Veille jurisprudentielle
1. Règlement intérieur
En l’absence de règlement intérieur, une sanction autre que le licenciement, revêt automatiquement un caractère illicite.
En l’espèce, la salariée d’une association employant plus de 20 salariés, et donc tenue à ce titre d’élaborer un règlement intérieur comme exigé par l’article L. 1311-2 du Code du travail, s’est vu notifier un avertissement disciplinaire. L’association n’étant pas dotée dudit règlement, la salariée a alors saisi le juge des référés prud’homal.
Les juges de cassation ont considéré que la sanction revêtait un caractère illicite au regard de l’absence du règlement intérieur, et que le juge des référés n’avait pas tranché le fond du litige en prononçant l’annulation de la sanction disciplinaire, ce qui lui est interdit, mais ordonné à l’employeur de le faire. La nuance est subtile voire artificielle mais contente la Cour de cassation.
Il est à noter que la seule sanction disciplinaire qui puisse être prononcée en cas de carence du règlement intérieur lorsque celui-ci est requis, est le licenciement. En effet, le droit pour l’employeur de licencier trouve son fondement distinct dans le Code du travail à l’article L. 1231-1.
► Cass. soc 23 mars 2017 n°15-23.090 FS-PB
L’employeur d’une société absorbante doit soumettre son règlement intérieur aux représentants du personnel de l’établissement distinct qu’elle a absorbé.
En effet, le Conseil d’Etat a considéré que l’entreprise employeur doit soumettre son règlement intérieur aux représentants du personnel de l’établissement distinct qu’elle a absorbé. A défaut, celui-ci n’est pas opposable aux salariés de cet établissement, emportant ainsi les conséquences développées dans le paragraphe précédent.
En l’espèce, l’employeur avait bien consulté le comité d’entreprise sur son règlement intérieur, mais ne l’avait pas soumis aux délégués du personnel de l’établissement au sein duquel le salarié travaillait.
► CE 20 mars 2017 n° 391226
2. Obligations sociales
Une erreur dans la majoration des heures supplémentaires, ce n’est pas du travail dissimulé.
Lorsque l’ensemble des heures supplémentaires effectuées par un salarié ont bien été retranscrites sur ses bulletins de salaire, la seule application erronée de leur taux de majoration ne caractérise pas l’intention de dissimulation d’emploi.
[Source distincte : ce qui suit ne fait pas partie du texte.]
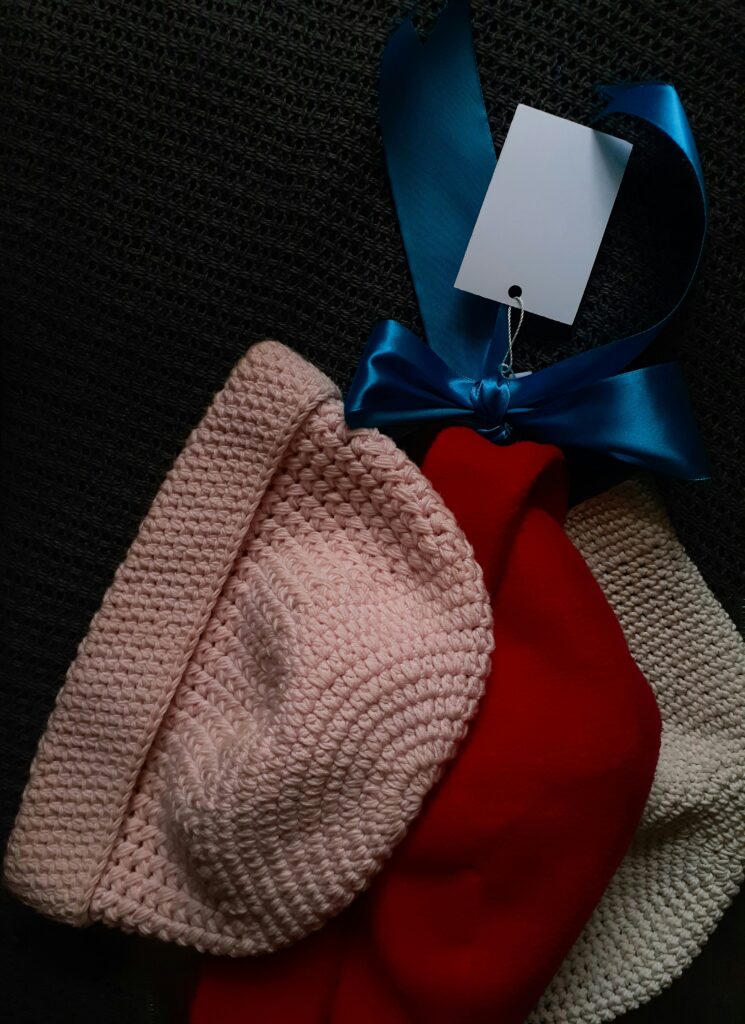 Hand knitted clothing.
Cass. soc. 1 février 2017 n°15-23.039 F-D
► Cass. soc. 1 février 2017 n°15-23.039 F-D
3. Sanctions pécuniaires cumulables
Le cumul de sanctions pécuniaires opéré en cas d’emploi illégal d’un étranger est constitutionnel.
Selon le Conseil constitutionnel, le fait que l’emploi illégal d’un travailleur étranger soit passible à la fois d’une sanction pécuniaire et d’une amende pénale ne méconnait pas les principes de nécessité et de proportionnalité des peines.
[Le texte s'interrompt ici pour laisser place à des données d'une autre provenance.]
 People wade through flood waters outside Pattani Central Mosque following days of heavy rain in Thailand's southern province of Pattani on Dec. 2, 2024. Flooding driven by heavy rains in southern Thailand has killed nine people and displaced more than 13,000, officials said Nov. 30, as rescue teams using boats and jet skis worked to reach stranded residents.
L’emploi d’un travailleur étranger en situation irrégulière, non muni d’un titre l’autorisant à exercer une activité professionnelle en France est interdit. Y contrevenir rend l’employeur passible de des sanctions suivantes :
- Le paiement d’une contribution spéciale à l’Office français de l’immigration et de l’intégration (articles L. 8253-1 et R. 8253-2 du Code du travail) ;
- Une peine d’emprisonnement de 5 ans et une amende pénale égale à 15.000 euros d’amende (article 8256-2 du Code du travail).
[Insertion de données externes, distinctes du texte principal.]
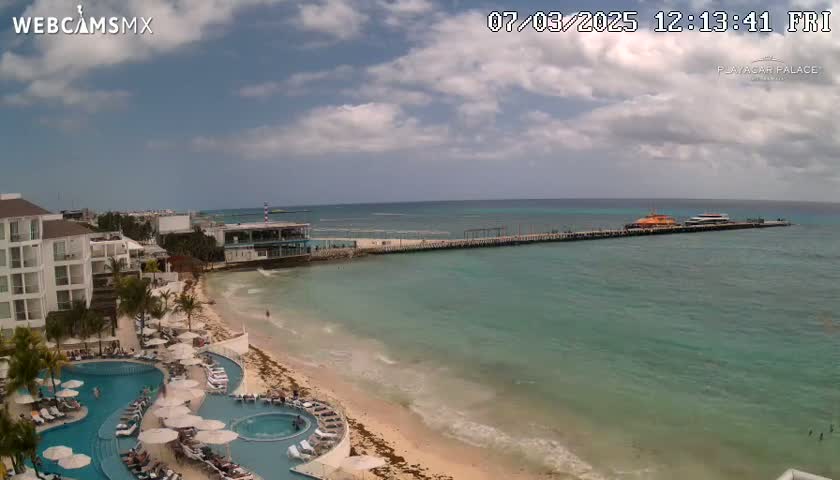 An aerial view of a resort beach on a partly cloudy day, showing a long pier with boats, turquoise water, and a sandy beach with multiple swimming pools.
Les juges constitutionnels ont considéré que les deux sanctions étaient de nature différente du fait de la possibilité par le juge pénal de prononcer une peine d’emprisonnement. Par conséquent, ils conclurent à la constitutionnalité de l’article L. 8253-1 du Code du travail.
► Cons. Const. 30 mars 2017 n°2016-621 QPC
4. Cessation du contrat de travail
Métro, Dodo, Dodo : dormir au travail n’est pas toujours dodo.
Si le fait de s’endormir à son poste de travail est régulièrement reconnu comme une faute justifiant le licenciement (CA Montpellier 12 avril 2000 n°98-159), l’employeur ne peut sanctionner le salarié lorsque ce dernier travaille au-delà de la durée maximale hebdomadaire.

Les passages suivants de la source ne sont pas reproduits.